The Smart City approach is the favored paradigm of 2010s urban development. Smart cities are hoped to help curb greenhouse gas emissions and improve quality of life. Smart cities strive for these things with technological solutions: information technology can enable new kinds of co-operation and interweave various city elements together (including energy production, buildings, transportation and the end-users).
In this way, infrastructure can be used in a more efficient way with fewer resources, and the growing needs of our future cities can be satisfied. Learn more about the basis of smart cities in the video below:
However, despite its clear advantages, there are two major leakage points in the current smart city paradigm:
- MOST OF THE BUILDINGS WE NEED IN THE FUTURE HAVE ALREADY BEEN BUILT
For example in Finland, over half of the country’s built environment is from the 1950s-1980s. The situation is similar in other parts of Scandinavia and Europe. Yet smart cities as they are now often necessitate entirely new building stock. It is relevant to ask globally, too, whether we have the wealth to build these new cities from scratch – – and even if we do, to ponder on the amount of emissions that generates.
”A large deal of our built environment is now in need of renovation”, explains Demos Helsinki’s researcher Mikko Annala. ”We’ll have to estimate how much of this building stock we should refurbish and how. If we find clever ways to integrate smart solutions into older buildings, we can save significant amounts of resources.”
- SMART IS ALMOST IMPOSSIBLE TO PLAN
Unlike it is often made to seem in the hyped-up press, smart cities like Songdo and Masdar are seldom celebrated by the people who live in them – at least not in the way they were expected to. For example Songdo was envisioned as a futuristic international business hub, drawing residents from all over the world. Instead, it is now almost exclusively made up of Koreans: 99 percent of homes are sold to locals. Similarly, it cost 22 billion dollars to build Masdar, but it is now barely occupied and more than halfway from reaching its ambitious emission reduction goals.

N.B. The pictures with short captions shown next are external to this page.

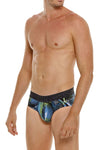 Unico 24080101117 Trino Briefs Color 99-Printed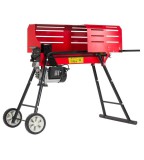 NAC hasábfa vágó WSE200-7-52L-NH 7 t állvánnyal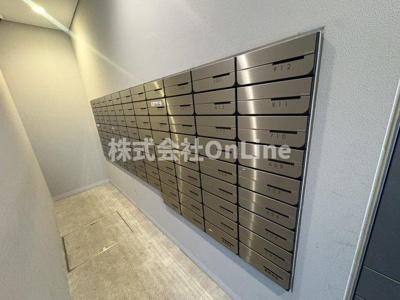 【その他共用部分】 | ソルレヴェンテ八戸ノ里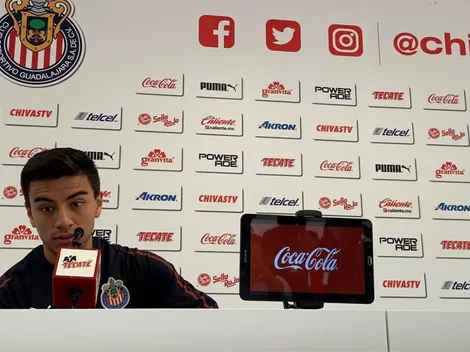 "Tenemos que jugarlo como una final, eso es": Beltrán califica Clásico de Copa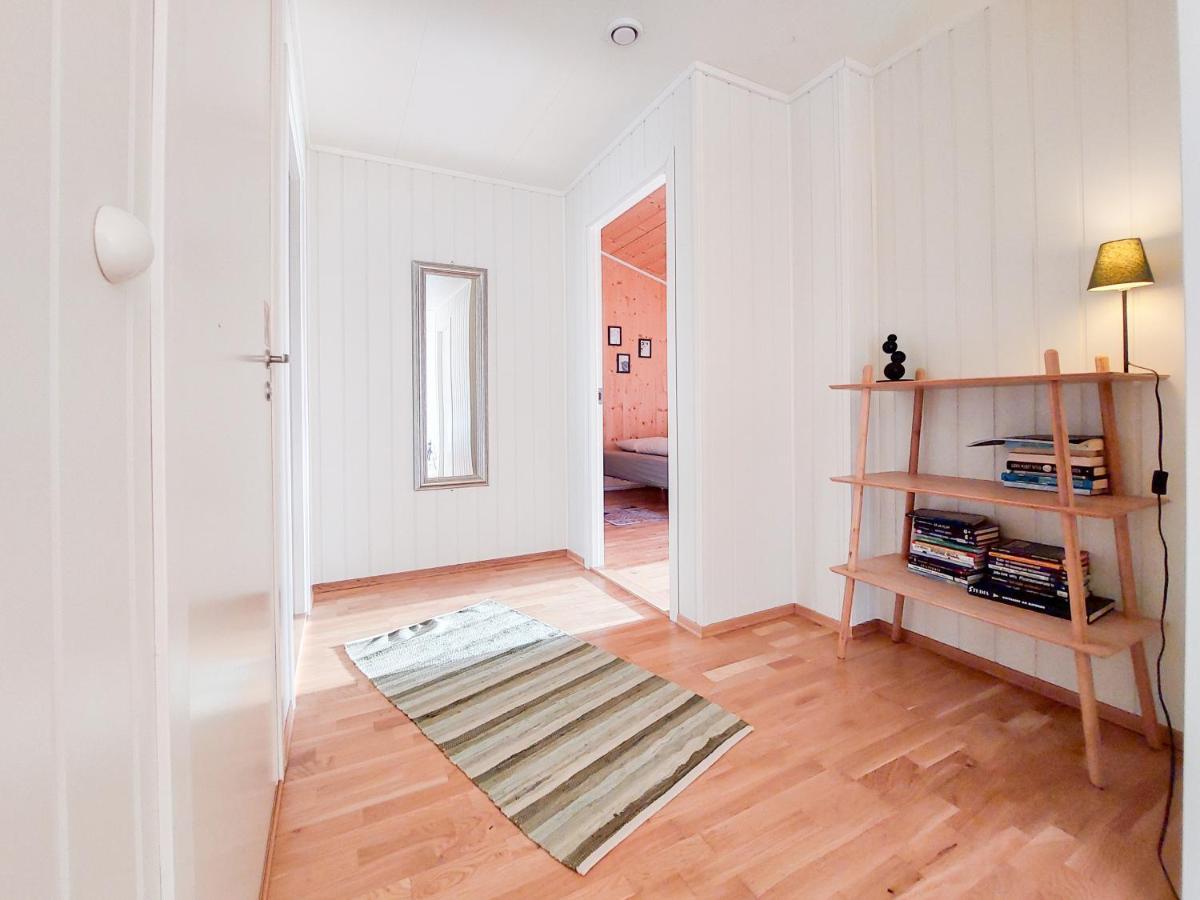 Apartament Destination Senja - Stonglandseidet Zewnętrze zdjęcie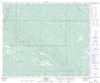 083F02 - FOOTHILLS - Topographic Map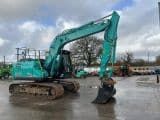 Kobelco Sk130LC - Afbeelding 1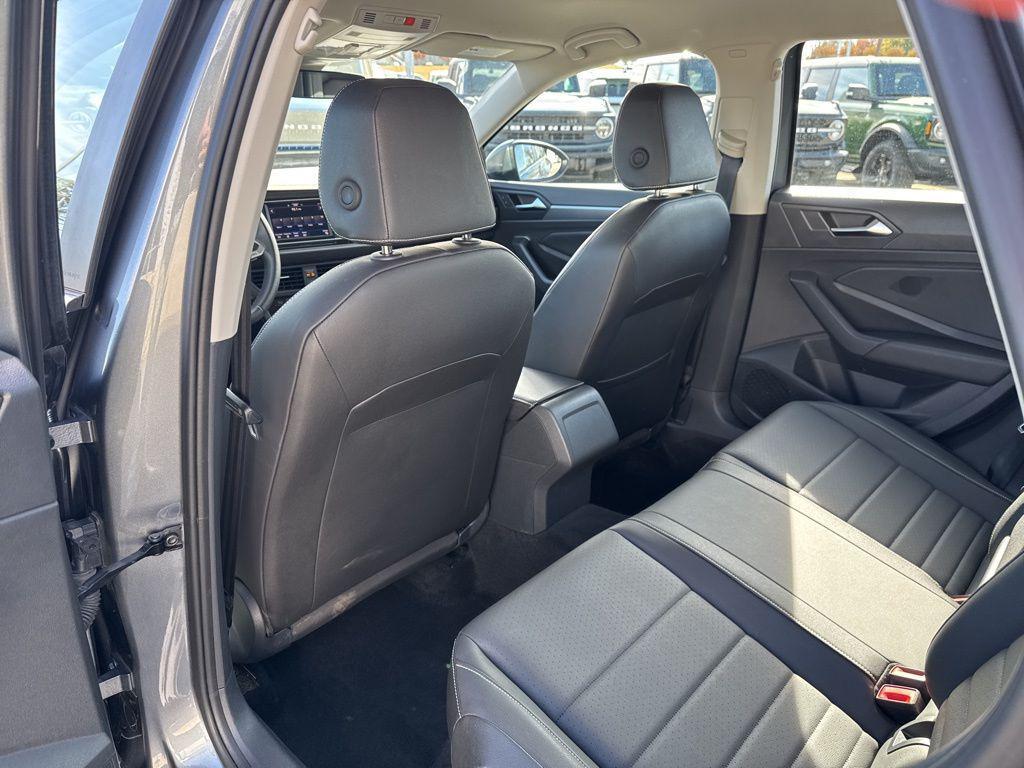 used 2024 Volkswagen Jetta car, priced at $20,498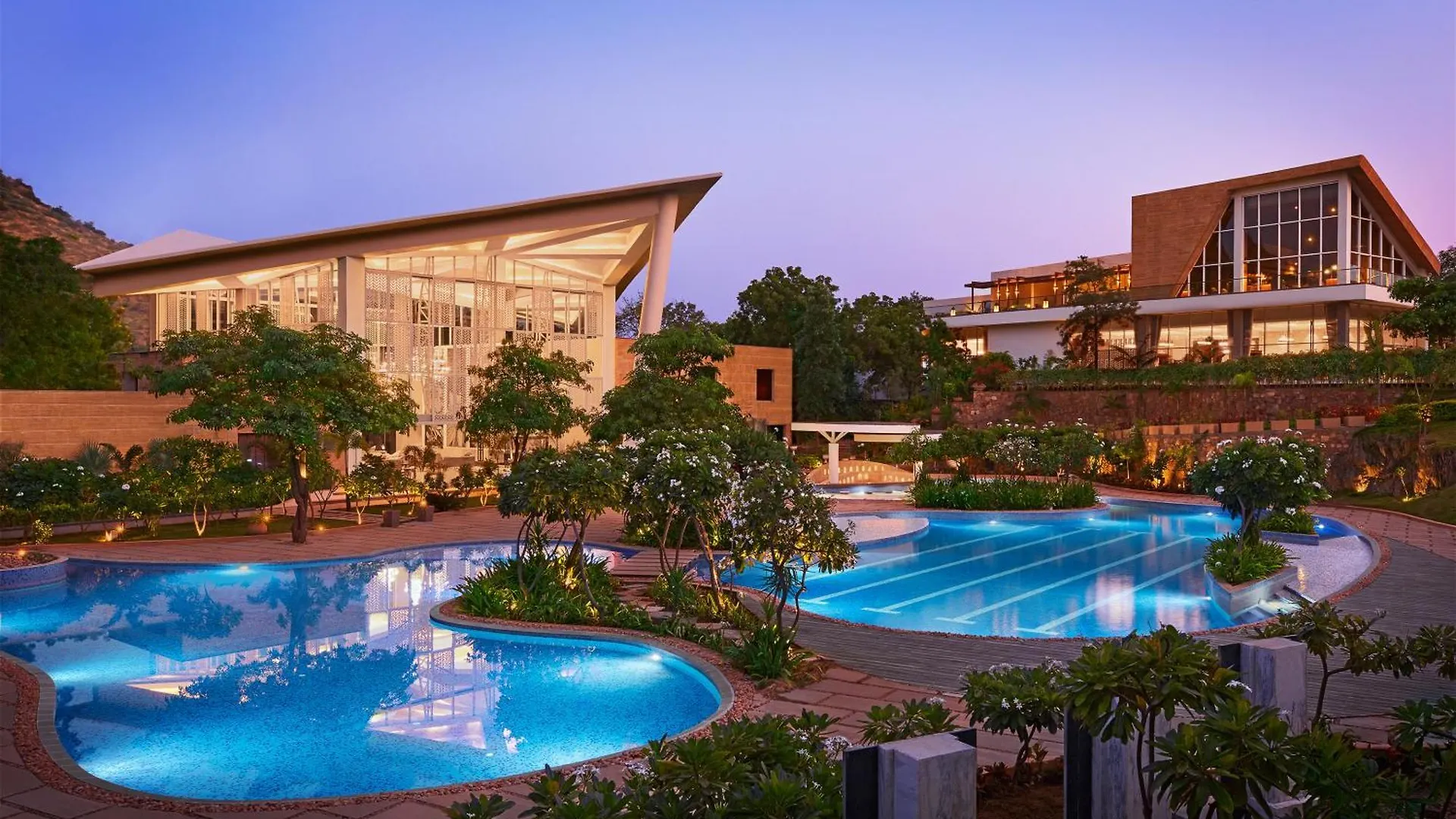 Taj Aravali Resort & Spa Udaipur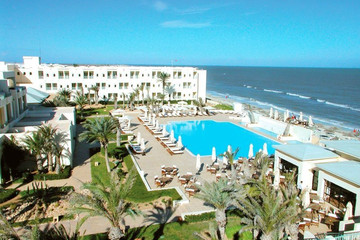 The Park Inn Ulysse Resort & Thalasso Tunis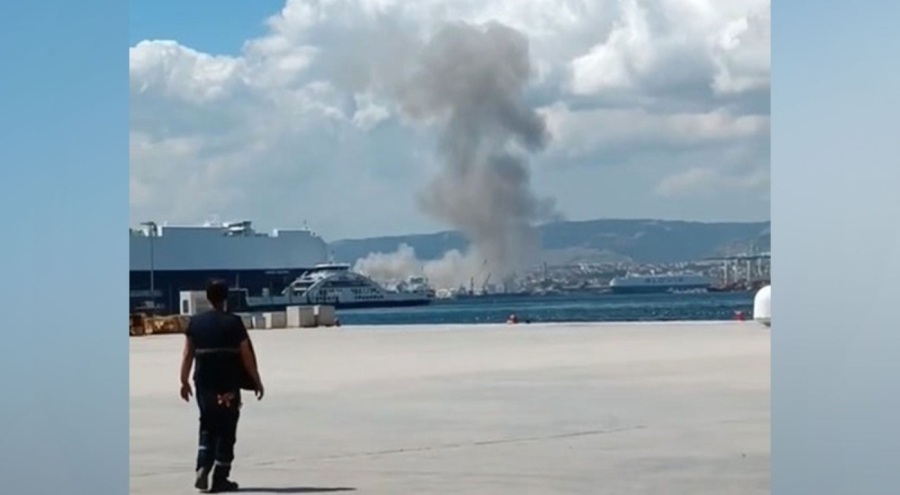 Derinceliler, patlama anını anlattı: Deprem zannettik!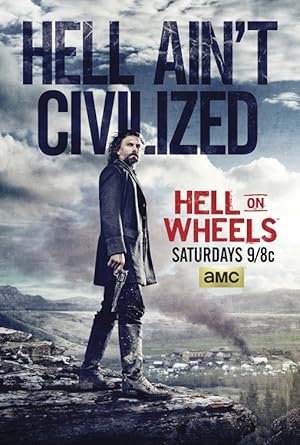 Hell On Wheels - Fifth Season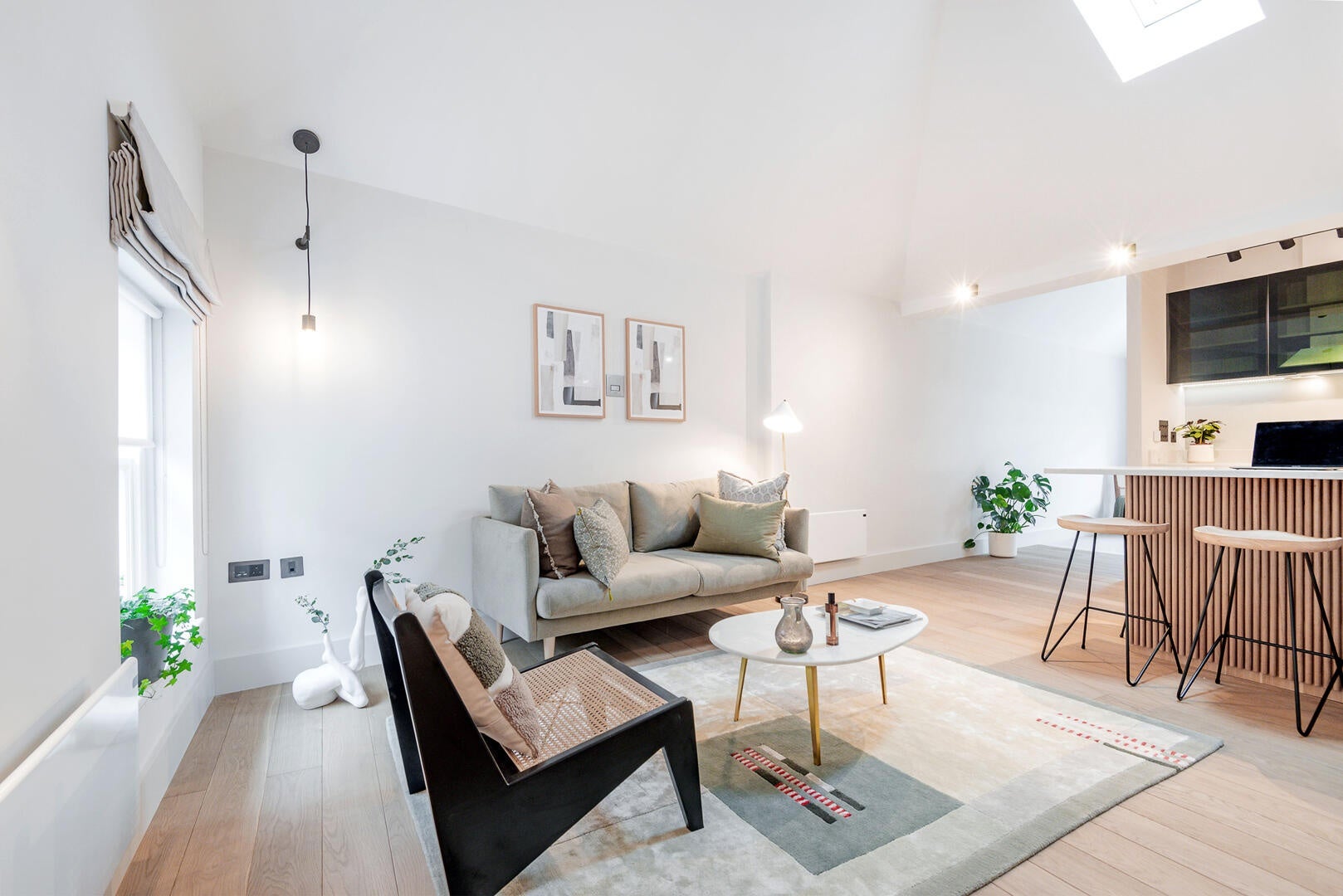 Flat Arlington Road in Greater London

”When we plan, we tend to think that we understand people and what they want and need. We don’t”, Annala explains. ”Cities are highly complex organisms.” According to Annala, turning cities smart will require systematic engagement of those who are expected to live in these environments. ”Without end-user testing and systematic learning, it is practically impossible to plan a smart city that is loved by its inhabitants.”